What this task involves:
Give the records again in full, exactly as written.

(Stored entries)
________________

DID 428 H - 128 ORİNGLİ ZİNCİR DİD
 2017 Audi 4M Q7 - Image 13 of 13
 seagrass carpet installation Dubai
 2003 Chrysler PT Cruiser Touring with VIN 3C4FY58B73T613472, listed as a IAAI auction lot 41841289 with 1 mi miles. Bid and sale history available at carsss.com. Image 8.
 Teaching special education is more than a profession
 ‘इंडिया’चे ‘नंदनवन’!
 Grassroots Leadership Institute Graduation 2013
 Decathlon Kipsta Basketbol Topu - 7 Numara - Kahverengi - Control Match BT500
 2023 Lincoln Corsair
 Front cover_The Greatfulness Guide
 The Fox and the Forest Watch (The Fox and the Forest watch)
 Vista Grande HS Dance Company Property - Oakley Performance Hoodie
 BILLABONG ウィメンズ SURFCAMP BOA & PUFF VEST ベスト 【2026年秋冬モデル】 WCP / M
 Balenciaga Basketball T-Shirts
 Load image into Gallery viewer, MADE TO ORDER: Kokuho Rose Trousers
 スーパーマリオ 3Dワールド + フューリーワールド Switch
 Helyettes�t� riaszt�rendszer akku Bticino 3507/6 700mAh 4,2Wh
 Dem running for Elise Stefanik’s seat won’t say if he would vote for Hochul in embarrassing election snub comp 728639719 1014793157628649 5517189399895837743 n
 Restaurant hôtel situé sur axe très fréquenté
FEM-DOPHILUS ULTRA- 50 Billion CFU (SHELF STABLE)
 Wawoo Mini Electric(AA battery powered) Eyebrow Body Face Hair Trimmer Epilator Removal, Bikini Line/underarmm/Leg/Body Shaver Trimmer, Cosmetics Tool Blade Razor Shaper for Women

________________

Task answer:
DID 428 H - 128 ORİNGLİ ZİNCİR DİD
 2017 Audi 4M Q7 - Image 13 of 13
 seagrass carpet installation Dubai
 2003 Chrysler PT Cruiser Touring with VIN 3C4FY58B73T613472, listed as a IAAI auction lot 41841289 with 1 mi miles. Bid and sale history available at carsss.com. Image 8.
 Teaching special education is more than a profession
 ‘इंडिया’चे ‘नंदनवन’!
 Grassroots Leadership Institute Graduation 2013
 Decathlon Kipsta Basketbol Topu - 7 Numara - Kahverengi - Control Match BT500
 2023 Lincoln Corsair
 Front cover_The Greatfulness Guide
 The Fox and the Forest Watch (The Fox and the Forest watch)
 Vista Grande HS Dance Company Property - Oakley Performance Hoodie
 BILLABONG ウィメンズ SURFCAMP BOA & PUFF VEST ベスト 【2026年秋冬モデル】 WCP / M
 Balenciaga Basketball T-Shirts
 Load image into Gallery viewer, MADE TO ORDER: Kokuho Rose Trousers
 スーパーマリオ 3Dワールド + フューリーワールド Switch
 Helyettes�t� riaszt�rendszer akku Bticino 3507/6 700mAh 4,2Wh
 Dem running for Elise Stefanik’s seat won’t say if he would vote for Hochul in embarrassing election snub comp 728639719 1014793157628649 5517189399895837743 n
 Restaurant hôtel situé sur axe très fréquenté
FEM-DOPHILUS ULTRA- 50 Billion CFU (SHELF STABLE)
 Wawoo Mini Electric(AA battery powered) Eyebrow Body Face Hair Trimmer Epilator Removal, Bikini Line/underarmm/Leg/Body Shaver Trimmer, Cosmetics Tool Blade Razor Shaper for Women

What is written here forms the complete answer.